Pero todos, quien más quien menos, bromeábamos con Juan Cúcaro, empleado del Ferrocarril Bartolomé Mitre, como se bautizó al ex Central Argentino, luego de la nacionalización en gobierno del primer peronismo. Cúcaro por lo que recuerdo vivía allí mismo en un pequeño cuartucho cuya ventana daba a las vías y era el encargado de las cargas. Cúcaro solía repetir "el trabajo dignifica", y yo nunca supe si lo decía en serio o en broma, dado el tono de ironía que siempre ponía en su voz.
En esos pocos minutos en que el tren se detenía en la antigua estación de entonces, la nerviosa vida bullía, se concentraba alrededor de ese edificio estrictamente inglés en el corazón de la llanura que también llamaban "pampa gringa". Esos pocos momentos donde el pueblo se despertaba como un saurio dormido: vendedores de helados, fleteros diversos, jóvenes en busca de caras flamantes para soñar esa noche, curiosos de toda laya, y en fin, toda esa densa inquietud que sacudía la modorra en que esa población aletargada y fijada al duro trabajo bullía por breves minutos.
En todos los pueblos de llanura la gente iba a las estaciones a ver pasar los trenes. Sin embargo los que siempre viajaban coincidían en que en este pueblo de mi infancia la gente concurría ansiosa en gran cantidad para ver llegar y partir los trenes sin que se supieran los motivos reales de tal afición.
Indagué a muchos mayores sobre esta inclinación ferroviaria de mis copoblanos y obtuve diversas argumentaciones, hasta una que no desecho, pero tampoco tomo demasiado en serio.
Según esta fuente, que me reservo, todo habría comenzado en los años 20 del siglo pasado con la instalación de dos prostíbulos, popularmente conocidos como "El Queco grande" y "El Queco chico", y que estaba en un rincón del pueblo, apenas separado por una calle polvorienta por donde nadie pasaba, salvo claro está, los ocasionales clientes, o algún peón de estancia que enfilaba su oscuro hacia su lugar de trabajo.
Cada dos o tres meses venían prostitutas nuevas ( que un eufemismo piadoso llamaba "pupilas" y nunca supe por qué) que reemplazaban a las que estaban.
Entonces toda la población femenina se volcaba a la estación donde las esperaba un "coche de alquiler", como se llamaba a los pocos taxis que había. Allí la "madama", o encargada del establecimiento las retiraba y sin dejarla hablar con nadie, directamente las trasladaba al prostíbulo.
Tal la exótica versión que alguna vez me dio una persona mayor para justificar esa tradición de "ir al tren", como se decía vulgarmente a ese paseo a la estación del ferrocarril en mi pueblo de entonces. Tal teoría nunca fue por mí compartida, pero me parece leal comentarla.

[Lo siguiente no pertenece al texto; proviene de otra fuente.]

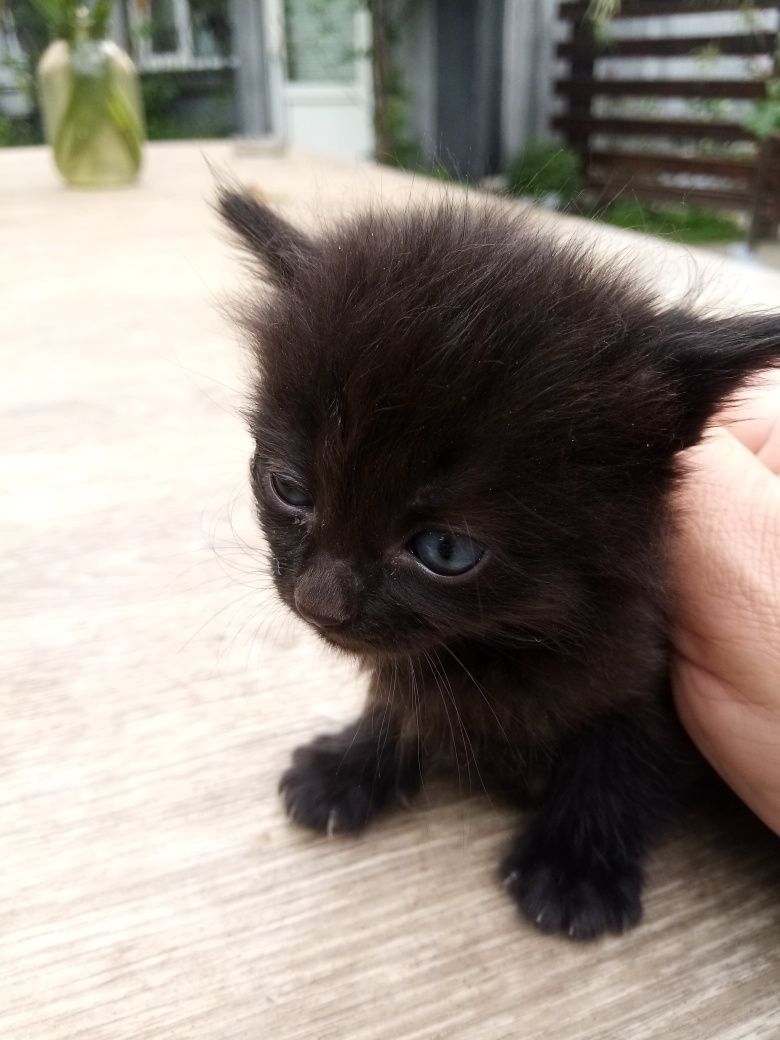 Котенята Безкоштовно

De todos modos, a mí esta costumbre me sirvió para sostener uno de mis primeros sueños y que fue partir hacia otros lugares, conocer nuevas caras, estudiar, y pulsar el nervioso existir de otras realidades.
Y también motivó un pequeño sueño hoy casi olvidado: el rostro bello e impasible de aquella niña que tenía un lunar en la mejilla y que todos los lunes me sonreía desde una ventanilla furtiva, para luego perderse en la llanura infinita sin que yo supiera su nombre o cruzara con ella una palabra siquiera y que hoy es como el símbolo de la fugacidad de la vida.